Il 45,7% dei reati è concentrato nelle regioni del Sud, fra cui la Sicilia (in compagnia di Campania, Calabria e Puglia). A seguire, il Lazio, “con un numero di reati in crescita rispetto al 2011 (+13,2%) e la Toscana, con 2.524 illeciti (+15,4%). Prima regione del Nord Italia, la Liguria (1.597 reati, +9,1% sul 2011). Da segnalare per l’incremento degli illeciti accertati anche il Veneto, con un +18,9%, e l’Umbria, passata dal sedicesimo posto del 2011 all’undicesimo del 2012.

Il fatturato, sempre altissimo nonostante la crisi, ha sfiorato i 15 miliardi di euro grazie al coinvolgimento di numerosi clan (ben 321) che per i loro traffici hanno potuto contare spesso sull’aiuto di funzionari e dipendenti pubblici consenzienti o decisamente disonesti che hanno semplificato iter e processi autorizzativi in cambio di sostanziose mazzette. E se l’aggressione ai beni comuni continua senza sosta e senza troppi scossoni, cambia la geografia degli ecocrimini, sempre piu’ insofferente ai confini territoriali e amministrativi (sia regionali che nazionali o internazionali), cosi’ come mutano le strategie criminali e i modus operandi.

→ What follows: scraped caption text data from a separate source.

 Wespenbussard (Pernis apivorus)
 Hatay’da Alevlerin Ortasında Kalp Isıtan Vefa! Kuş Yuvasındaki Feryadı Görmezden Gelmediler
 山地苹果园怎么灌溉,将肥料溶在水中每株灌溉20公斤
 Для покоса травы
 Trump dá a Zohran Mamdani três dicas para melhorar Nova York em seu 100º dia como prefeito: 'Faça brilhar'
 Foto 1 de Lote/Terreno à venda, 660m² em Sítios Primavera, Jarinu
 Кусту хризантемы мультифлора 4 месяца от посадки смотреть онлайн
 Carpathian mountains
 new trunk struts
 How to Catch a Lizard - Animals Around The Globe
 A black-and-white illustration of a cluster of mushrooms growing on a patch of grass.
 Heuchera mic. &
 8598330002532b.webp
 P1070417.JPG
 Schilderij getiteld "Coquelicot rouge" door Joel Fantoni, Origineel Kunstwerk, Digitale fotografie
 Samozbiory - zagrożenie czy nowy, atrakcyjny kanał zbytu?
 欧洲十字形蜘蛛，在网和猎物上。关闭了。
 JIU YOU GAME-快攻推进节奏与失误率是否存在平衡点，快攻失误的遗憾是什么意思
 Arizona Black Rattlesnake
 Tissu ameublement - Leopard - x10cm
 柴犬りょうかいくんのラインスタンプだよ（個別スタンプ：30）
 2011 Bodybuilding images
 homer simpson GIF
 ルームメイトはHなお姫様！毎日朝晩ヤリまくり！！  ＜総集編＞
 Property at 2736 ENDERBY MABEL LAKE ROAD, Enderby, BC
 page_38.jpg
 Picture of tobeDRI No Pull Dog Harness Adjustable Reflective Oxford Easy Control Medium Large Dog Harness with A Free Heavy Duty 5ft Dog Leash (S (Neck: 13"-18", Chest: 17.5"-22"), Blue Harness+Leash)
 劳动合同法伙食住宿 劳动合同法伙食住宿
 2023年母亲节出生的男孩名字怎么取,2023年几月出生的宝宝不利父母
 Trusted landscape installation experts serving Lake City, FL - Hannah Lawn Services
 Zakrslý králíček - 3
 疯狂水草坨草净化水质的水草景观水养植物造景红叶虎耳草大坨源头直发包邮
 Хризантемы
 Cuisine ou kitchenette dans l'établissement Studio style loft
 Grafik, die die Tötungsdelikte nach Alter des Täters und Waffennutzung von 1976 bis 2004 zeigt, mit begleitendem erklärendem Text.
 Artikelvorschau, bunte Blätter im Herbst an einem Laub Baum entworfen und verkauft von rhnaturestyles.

I rifiuti, ad esempio, non finiscono solo sotto terra, ma anche nei circuiti del riciclo in nero o del finto riciclo, i soldi incanalati nei circuiti finanziari internazionali. Ci troviamo quindi, di fronte ad una imprenditoria ecocriminale, caratterizzata da un vivace dinamismo, a cui fa da contraltare l’immobilismo della politica nazionale: nel nostro Paese vige ancora una legislazione a tutela dell’ambiente del tutto inadeguata, a carattere sostanzialmente contravvenzionale e basata su una vecchia impostazione che riconosce massimamente le ragioni dell’economia tralasciando i costi ambientali, sanitari e sociali.